So I’m a sucker for reading too much into an author’s bio. Example A: “Ryan W. Bradley has pumped gas, painted houses, swept the floor of a mechanic’s shop, worked on a construction crew in the Arctic Circle, fronted a punk band, and more.” Give me a bio that includes “worked construction in the Arctic Circle” and man oh man, sign me up for that book (in this case Nothing But the Dead and Dying from Civil Coping Mechanisms, which is easily one of the best short story collections I’ve read in years).

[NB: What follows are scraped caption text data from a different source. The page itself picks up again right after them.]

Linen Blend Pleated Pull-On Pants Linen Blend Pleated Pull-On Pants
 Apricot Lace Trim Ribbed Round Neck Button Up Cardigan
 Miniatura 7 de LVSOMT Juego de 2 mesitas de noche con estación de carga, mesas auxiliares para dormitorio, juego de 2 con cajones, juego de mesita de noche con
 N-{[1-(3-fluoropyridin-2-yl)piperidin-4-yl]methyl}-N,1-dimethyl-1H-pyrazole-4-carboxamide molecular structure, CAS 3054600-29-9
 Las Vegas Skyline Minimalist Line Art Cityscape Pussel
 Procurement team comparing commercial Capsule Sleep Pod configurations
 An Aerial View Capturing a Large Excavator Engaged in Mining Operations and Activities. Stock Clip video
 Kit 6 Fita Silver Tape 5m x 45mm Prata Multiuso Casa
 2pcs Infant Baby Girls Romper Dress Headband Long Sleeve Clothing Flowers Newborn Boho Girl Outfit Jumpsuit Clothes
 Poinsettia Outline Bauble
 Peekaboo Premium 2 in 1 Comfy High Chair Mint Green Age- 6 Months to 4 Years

But here’s the thing. This assumption that one must experience this world firsthand to be able to write about it—it’s bullshit. “Write what you know” seems so easy. Sure, experience and the ability to write about it are not mutually exclusive, but they do not go hand in hand either.

“The stories, they write themselves,” we’re fond of saying. And sometimes they probably do, but in Bradley’s case, the person funneling these experiences to the page has a gift. On the other hand, we all know that one person who can fuck up any good story. It’s a skilled storyteller who can work the other way: to wring a meaningful human experience out of skull-numbing tedium of grunt work. It’s a skilled storyteller who can take those experiences and make them linger with us afterward.

These are the stories of Bradley’s brilliant and brutal Nothing But the Dead and Dying. They punch you in the face, but they don’t have easy punchlines. They’re brusk and heartbreaking and ugly and true. Bradley’s prose is also as authentic as you’ll find, but in some ways, “authentic” does his writing a disservice. Bradley doesn’t write to see himself all over the page. He gets out of the way and lets the rest of us forget for a moment that this is fiction at its highest. We’re all along for the ride as we watch these people thrash and struggle to live beyond the harsh narratives life has cast them into.

—Benjamin Drevlow


BD: I loved this social media post you wrote the other day: “My mother asked how my writing has been going. I told her I have this problem where I start thinking about how there’s no point to anything and then stop whatever I’m doing.”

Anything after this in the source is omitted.